Mathematical Formulation

We want to move from the above, very concrete, implementation to a more abstract representation which can be generalized to larger problems.

The index sets:

Let $Pr$ represent the set of products. Symbolically we write $Pr = \{ \mbox{doors}, \mbox{windows} \}$.

Let $Pl$ be set of plants so $Pl = \{ \mbox{Plant1}, \mbox{Plant2}, \mbox{Plant3} \}.$

In Python we can represent these index sets as any iterable object. While it is possible to use Python sets here, we usually use Python lists because those are both iterable and subscriptable. In Python the index sets look like this:

products = ['Doors', 'Windows']
plants = ['Plant1', 'Plant2', 'Plant3']

The objective function:

For each product $pr$ let $x_{pr}$ be the number of batches of that product to produce and let $c_{pr}$ be the profit rate per batch of $pr$ that is produced. The objective function could be written as $$Z = c_{\mbox{doors}} x_{\mbox{doors}} + c_{\mbox{windows}} x_{\mbox{windows}}.$$

More generally we can write: $$Z = \sum_{pr \in Pr} c_{pr} x_{pr}.$$

In Python this will look like:

sum(profit_rate[pr] * model.weekly_prod[pr] for pr in products)

The constraints:

To start, we can make all the constraints look the same: $$\begin{array}{ccccc} 1 x_{\mbox{doors}} & + & 0 x_{\mbox{windows}} & \leq & 4 \\ 0 x_{\mbox{doors}} & + & 2 x_{\mbox{windows}} & \leq & 12 \\ 3 x_{\mbox{doors}} & + & 2 x_{\mbox{windows}} & \leq & 18 \end{array}$$

Now we have three constraints, one for each plant, that has the form: $$(\mbox{hours per batch of doors}) * x_{\mbox{doors}} + (\mbox{hours per batch of windows}) * x_{\mbox{windows}} \leq \mbox{hourly capacity}.$$

If we let $h_{pl,pr}$ represent the hours needed for a batch of product $pr$ at plant $pl$ and let $a_{pl}$ be the number of hours available at plant $pl$, then we can express the constraints as:

for each plant $pl \in Pl$ $$\sum_{pr \in Pr} h_{pl,pr} x_{pr} \leq a_{pl}.$$

In Python this will look like:

sum(hours_per_batch[pl][pr] * model.weekly_prod[pr] for pr in products) <= hours_available[pl]

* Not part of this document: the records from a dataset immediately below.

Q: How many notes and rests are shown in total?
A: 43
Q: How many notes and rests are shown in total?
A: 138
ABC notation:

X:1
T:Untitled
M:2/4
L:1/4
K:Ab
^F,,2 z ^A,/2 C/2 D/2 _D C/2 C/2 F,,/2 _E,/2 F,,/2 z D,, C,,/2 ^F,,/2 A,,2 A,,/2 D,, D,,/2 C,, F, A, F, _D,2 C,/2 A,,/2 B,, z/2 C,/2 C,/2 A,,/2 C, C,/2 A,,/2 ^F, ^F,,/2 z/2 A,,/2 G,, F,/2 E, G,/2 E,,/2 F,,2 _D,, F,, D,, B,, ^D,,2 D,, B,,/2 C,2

For comparison, the concrete and abstract models are shown side-by-side:

$\begin{array}{ccccc} d & & & \leq & 4 \\ & & 2w & \leq & 12 \\ 3d & + & 2w & \leq & 18 \end{array}$

$\displaystyle \sum_{pr \in Pr} h_{pl,pr} x_{pr} \leq a_{pl}, \mbox{ for each } pl \in Pl$

In the Pyomo solutions below we'll share a few different approaches for the data structures used to both store the problem data and to construct the model. In each case we share some pluses and minuses to each approach. We offer a video for the first solution and code for all the approaches. After the four solution approaches we discuss some advantages and disadvantages to each approach. If four approaches is too many, then just focus on the second as it will work for all the problems we encounter.

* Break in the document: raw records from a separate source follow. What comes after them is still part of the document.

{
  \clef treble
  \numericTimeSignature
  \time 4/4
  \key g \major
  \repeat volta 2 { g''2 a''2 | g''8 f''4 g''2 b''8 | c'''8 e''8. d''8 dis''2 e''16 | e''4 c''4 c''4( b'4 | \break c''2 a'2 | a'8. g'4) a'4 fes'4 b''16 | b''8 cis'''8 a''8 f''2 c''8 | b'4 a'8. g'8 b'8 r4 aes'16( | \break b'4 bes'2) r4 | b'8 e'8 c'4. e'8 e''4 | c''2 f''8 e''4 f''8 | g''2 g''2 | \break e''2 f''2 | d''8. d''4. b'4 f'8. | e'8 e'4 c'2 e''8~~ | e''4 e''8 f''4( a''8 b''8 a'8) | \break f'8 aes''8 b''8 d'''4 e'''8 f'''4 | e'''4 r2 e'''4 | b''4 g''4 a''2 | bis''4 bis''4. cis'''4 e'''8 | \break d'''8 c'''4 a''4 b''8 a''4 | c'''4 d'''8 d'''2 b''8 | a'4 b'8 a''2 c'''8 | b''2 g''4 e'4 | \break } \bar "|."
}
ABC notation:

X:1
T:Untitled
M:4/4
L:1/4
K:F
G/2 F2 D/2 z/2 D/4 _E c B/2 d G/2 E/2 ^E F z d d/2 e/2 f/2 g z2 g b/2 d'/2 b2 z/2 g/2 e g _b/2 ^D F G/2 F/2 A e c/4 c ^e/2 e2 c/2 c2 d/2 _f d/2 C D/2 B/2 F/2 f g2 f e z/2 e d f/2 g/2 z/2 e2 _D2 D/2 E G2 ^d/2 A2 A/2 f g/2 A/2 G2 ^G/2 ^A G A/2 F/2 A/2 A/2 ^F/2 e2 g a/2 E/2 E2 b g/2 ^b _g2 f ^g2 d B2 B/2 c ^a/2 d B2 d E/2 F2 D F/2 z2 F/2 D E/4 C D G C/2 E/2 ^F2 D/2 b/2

Explanation of Pyomo Solution 1 (video)

The video below explains some parts of the solution code. If you're content to study the code on your own, then you don't need to watch it. There is a bit in the middle that shows you how to view the abstractly constructed constraints that is generally useful.

Pyomo Solution 1

This solution is the one referenced in the video. Here the data and the model are separated quite well, but the dictionaries for the model data are fully typed out which isn't practical except for tiny models. For larger models the data would be loaded into lists or arrays from a file or database then the data would be parsed into dictionaries or Pandas series and dataframes. The advantage to those data structures is that they allow us to reference the data using strings that label the variables and constraints which makes the models easier to read and debug.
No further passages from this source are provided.